In general, the only thing that's likely to make a computer crash spontaneously is a hardware malfunction. Anything with moving parts or with components that heat up when in use can (and eventually will) fail. For most of us, we've replaced the computer for other reasons long before that point of failure. Still, I've had an audio board go bad and have had hard drives crash; Dell performed flawlessly. One of the cameras on my iPhone lost the ability to focus; Apple couldn't have been better about it.
I suspect that many if not most of the problems that lead to a call to tech support result from software problems. Unlike cases where a computer has a piece of defective hardware and a problem is inevitable (and which usually shows up rather early in the computer's life), many software-related difficulties can be avoided, or at least corrected, without having to call for outside help.

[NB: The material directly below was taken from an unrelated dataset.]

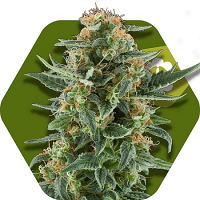Zambeza Seeds Power Plant XL Auto Feminized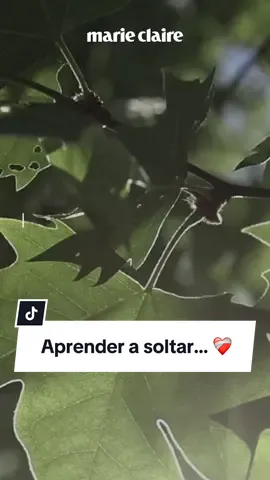 Aprender a soltar es el acto más grande de amor ❤️‍🩹❤️‍🩹❤️‍🩹 #aprenderasoltar #soltar #soltaryserfeliz #soltarparasanar #soltarydejarir #reflexion #refelxiondevida #reflexionesdevida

First of all, be mindful of every occasion on which you install new software on your machine. By this I mean make sure your work is all saved and backed up, and, for good measure, if you're working in Windows, create a "restore" point before you make a major installation. (The system does this automatically most times, but I'd rather do it myself and be sure.) That way, if something goes wrong, you can usually undo the latest installation, and at least get back to where you started. (Read the Windows help entries for Restore.)

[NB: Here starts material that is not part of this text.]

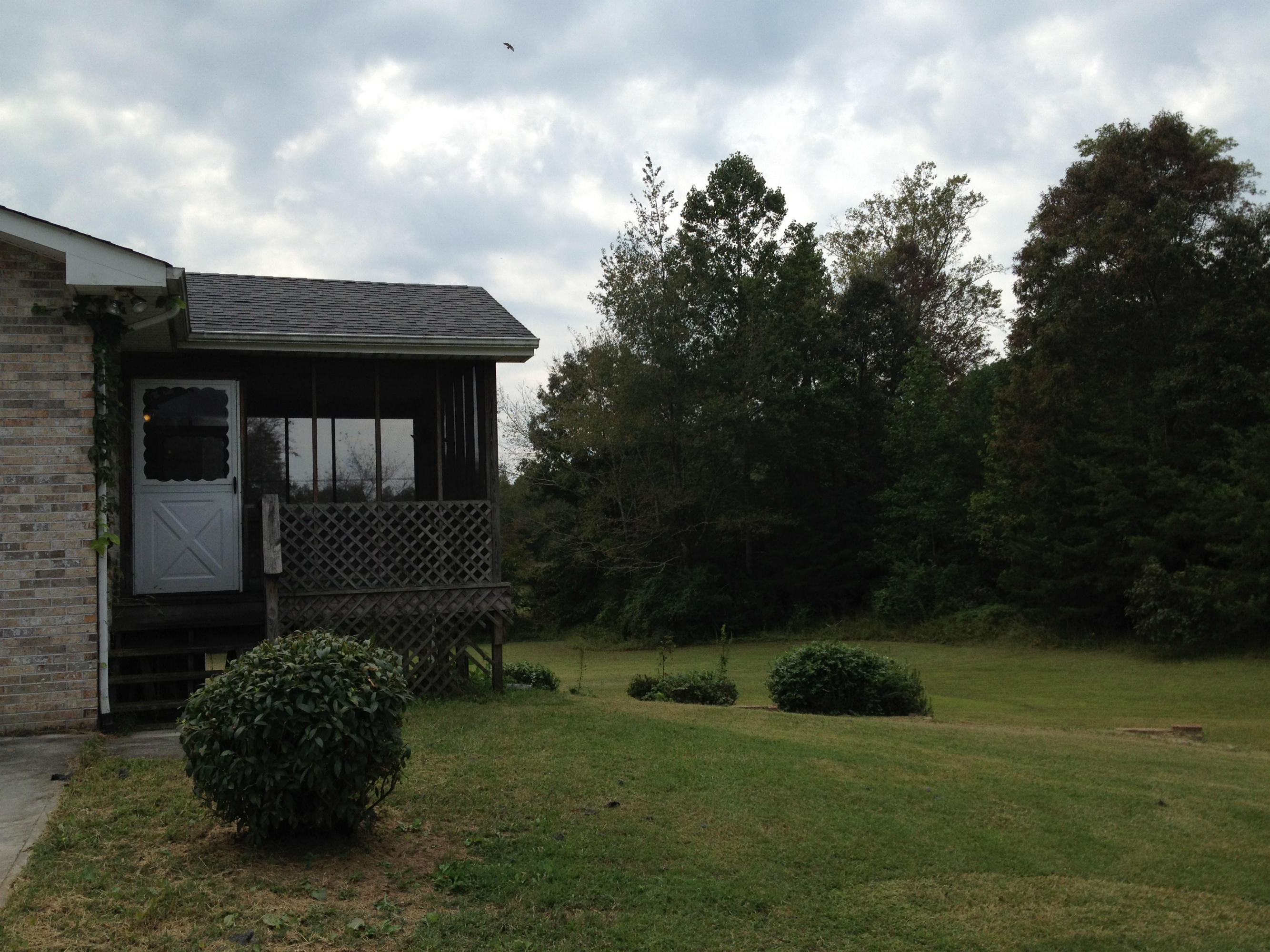 219 East Raccoon Valley Drive Heiskell, TN 37754 - Photo 3 of 21 r3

In the Windows control panel section there's a Add or Remove programs utility, plus there's a terrific uninstall utility called "Revo," which I heard about from Cnet, and which is even more thorough than the application that's native to Windows.

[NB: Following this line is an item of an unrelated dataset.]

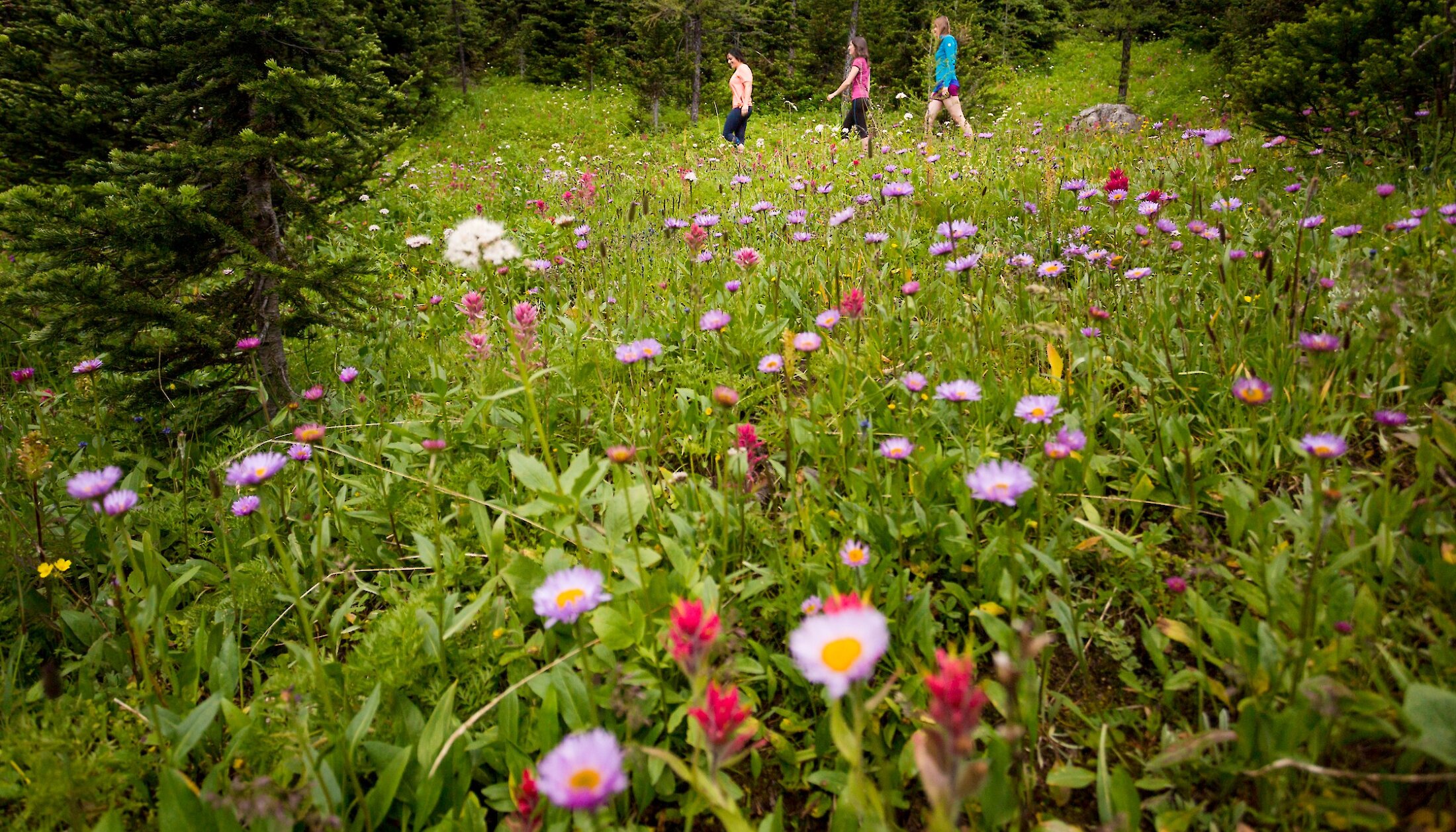Wild flowers galore at Sunshine Meadows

Learn how to force a program that freezes to quit. Each operating system has it's own procedure. Learn yours.
Only install one program at a time. This way, if something causes a crash, you won't have to guess which it was. If you've isolated the problem to something on the software side, consider calling (or e-mailing) the software folks. I've found most of them to be pretty good, even when I'm using a "free" edition.
Before you send out an SOS, be sure to re-boot your computer. Amazingly, that seems to solve many software-related problems. I've noticed that sometimes I need to go through two re-boot cycles before everything settles down. Make at least a mental note of how your computer boots
up normally. How long does it take, what steps does it go through, how long does
each of these take, etc.This way you can see whether it's acting more or less normally.
Whether your problem is hardware or software related, if you're going to call for support, try to jot down an account of exactly what you did before the problem arose, and what indications you got that there was a problem. (Jot it down so you won't forget during the long wait for a real person to answer, or in case you have to repeat the story to a more senior or specialized tech.)
If you're fortunate enough to get a well-trained service rep (and I've had great luck with Dell and Apple), make sure you understand the questions you're being asked and the steps you're being told to follow. I know that when I try to help friends, sometimes I'll say "push the so-and-so button and tell me what happens," to which I get the reply "nothing happened." Sometimes nothing really happens, but sometime the screen goes blank, it changes color, the keyboard freezes, or whatever. Yes, the problem wasn't solved, but something happened, and every something can be a useful clue as to the underlying problem.
With e-mail responses, make sure the tech actually understood your problem. I think sometimes they just scan incoming help requests for key words and send back a pre-written script response based on that. If that helps, fine, but if it's clear that no one actually read your question, refrain from being nasty about it, and ask again. (It's amazing how something that seems so clear to you when you write it can be legitimately misinterpreted by someone else.)
In sum, the best way to deal with tech support is not to have to deal with them at all. If you do have to make the call (and save the fone number on a piece of paper somewhere; if it's only in the Contacts List on an inoperable computer it won't help you), try to use it as a lesson about some aspect of computer operations -- a lesson you might apply in the future to avoid having to make yet another call.